» **Assignment**: Reproduce exactly the line that contains "1248944 Sandenvendo 24Vdc Motor Dr-738-563" and every line after it through the end of the records below, leaving out all pictures.

....

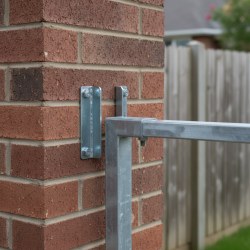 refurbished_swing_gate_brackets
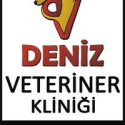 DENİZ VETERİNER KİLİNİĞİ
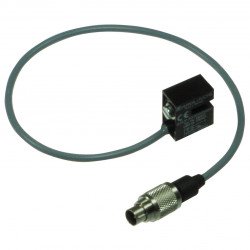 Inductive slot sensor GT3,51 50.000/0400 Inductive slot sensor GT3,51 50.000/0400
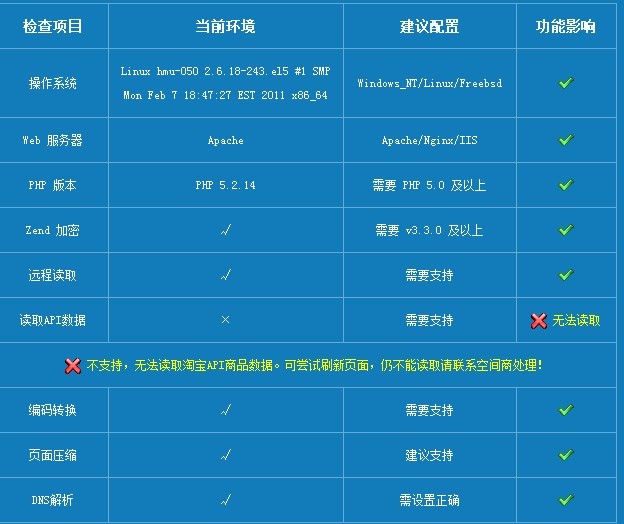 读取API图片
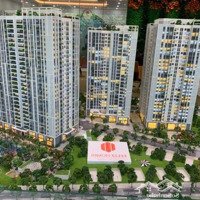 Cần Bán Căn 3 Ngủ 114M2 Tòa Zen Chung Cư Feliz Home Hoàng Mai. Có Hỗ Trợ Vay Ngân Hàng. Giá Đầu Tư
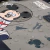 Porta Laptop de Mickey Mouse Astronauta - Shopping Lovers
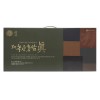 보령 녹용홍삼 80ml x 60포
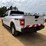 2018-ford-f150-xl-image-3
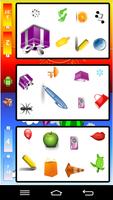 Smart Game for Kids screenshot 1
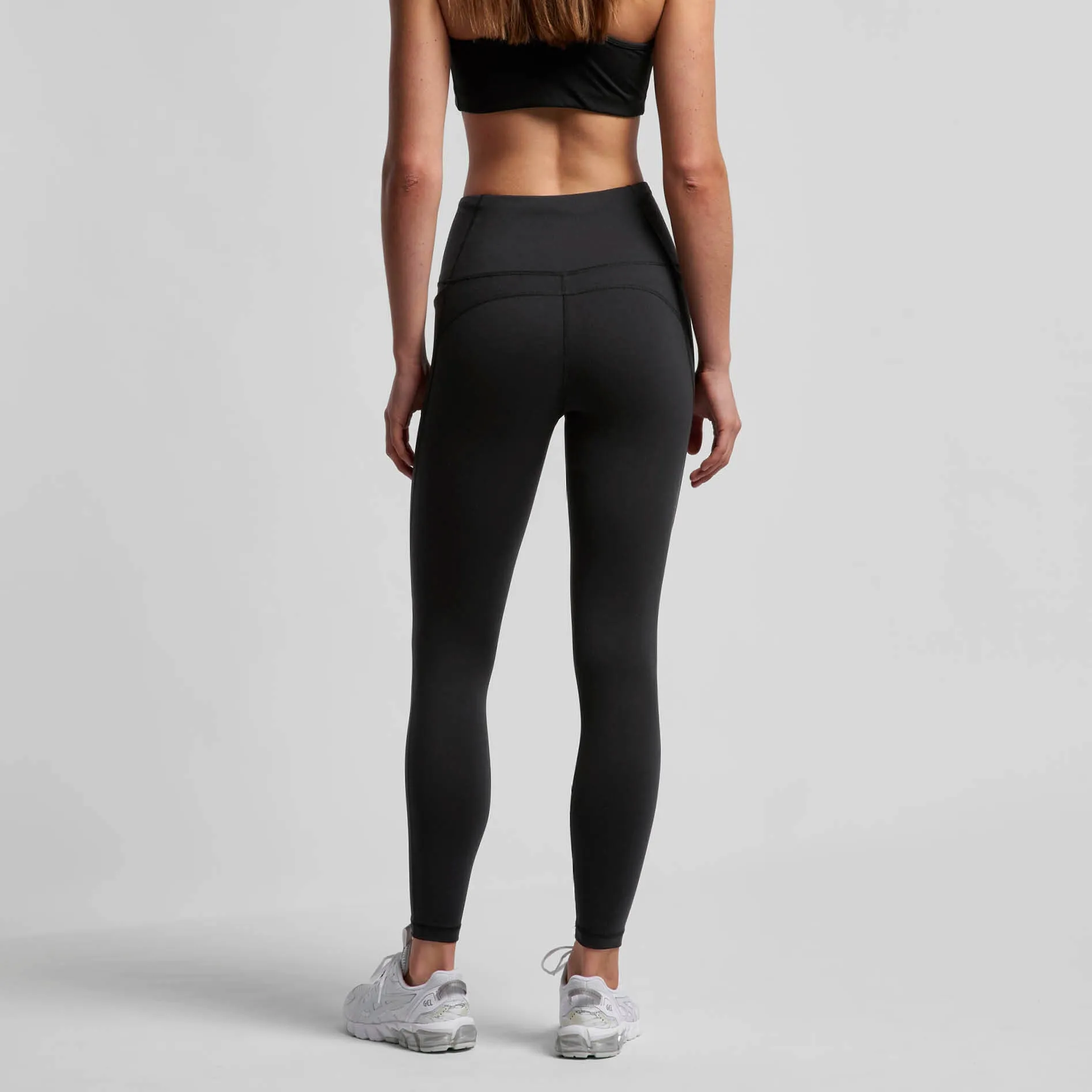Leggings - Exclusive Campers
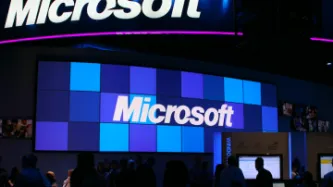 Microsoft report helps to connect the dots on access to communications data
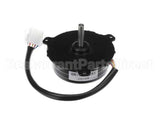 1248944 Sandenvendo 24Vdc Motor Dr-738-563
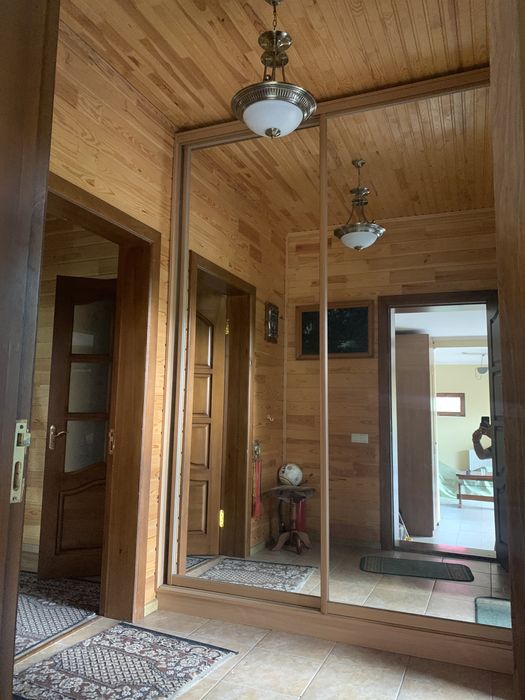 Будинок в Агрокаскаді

....

» **Solution for this problem**:
 1248944 Sandenvendo 24Vdc Motor Dr-738-563
 Будинок в Агрокаскаді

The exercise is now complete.